If it is like this, we know that active passive, if we go towards the anodic polarization side,
the active passive metal after reaching i critical, the current value, the anodic
current density will go towards the left side. Finally, it will at the passive region, this
is nothing but the passive region. Let us say the situation is like this and this is
my cathodic polarization line. This is my anodic polarization line and with this, we
have also seen that if it is mixed potential theory, now the system will go to this point
and it will remain there. Now, if by forcefully, if we take the anodic
potential or the potential of this metal object towards the positive side, far that positive
side what we have to do? We have to send extra current. So, that current is decided by difference
between i a minus i c. This is my i a and this is my i c and this is i a. So, gradually
if we keep on going like this, we will see that gradually I am increasing my applied
current. Fine? Now, if we keep on increasing my applied current,
so actually, we will see that the anodic current density is increasing. The anodic current
density is falling this track and if we plot the anodic current density with i applied
upto this point, let us say this is 1 2 3 4 5 6 upto 6, so i applied and i a, i applied
if we keep on increasing, i a is also increasing like this.

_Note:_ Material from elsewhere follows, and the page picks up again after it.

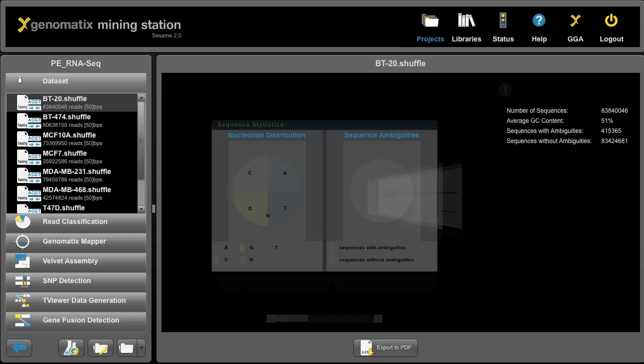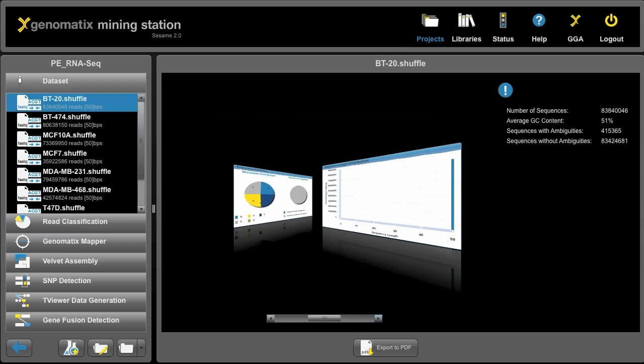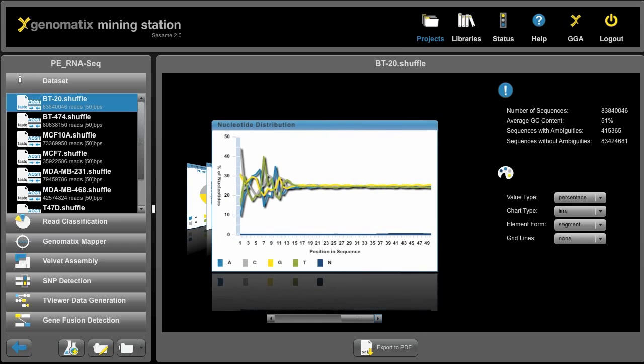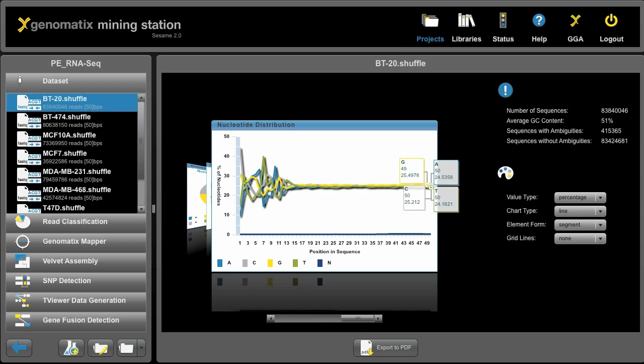If we click on any of these files, we get statistics about the reads like the nucleotide distributions or the sequence length distribution or the nucleotide distribution along the read. Now what you see here is an effect of the random hexamer priming and to the end it averages out, which is perfectly fine and what we would expect for RNA sequencing data.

So, my corrosion rate will also increase because i a means the corrosion rate. That is, corrosion
of or the anodic dissolution current for the metal object or metal. Now, we are also going
towards positive polarization direction. We are increasing the positive polarization;
that means, the daily is gradually increasing. Now somewhat, if we can take it to this point,
if we take the potential to this point and that time, what would be my i applied? My
i applied would be this much. So, from this, if we jump to this, my i applied would come
to this level. This is my starting level. Now, my i applied would be this much. So,
it would be little less. This is my i applied and what would be my i a there? i a would
be like here. So, as we go on increasing the anodic polarization, we are seeing that initially
the i a is increasing with increase in i applied. But later, once we go to this section, which
is the passive zone, my i applied would also go down. At the same time, my i a also will
go down. So, i a will be coming to this. So, I am putting
it as rate point and this is the point we have reached. If we maintain this potential,
this potential if we can maintain, what would happen? I will always experience my corrosion
rate would be in the passive region. We have also seen that, if we can take it to the passive
level, the material corrosion rate would be very very small. This is the very concept
of anodic protection. Somewhat, we have to take the potential to the passive range and
if we take it to the passive range, we will see that there is a very, very small anodic
current density, which is equivalent to the corrosion rate of the metal object. That corrosion rate would be very, very small.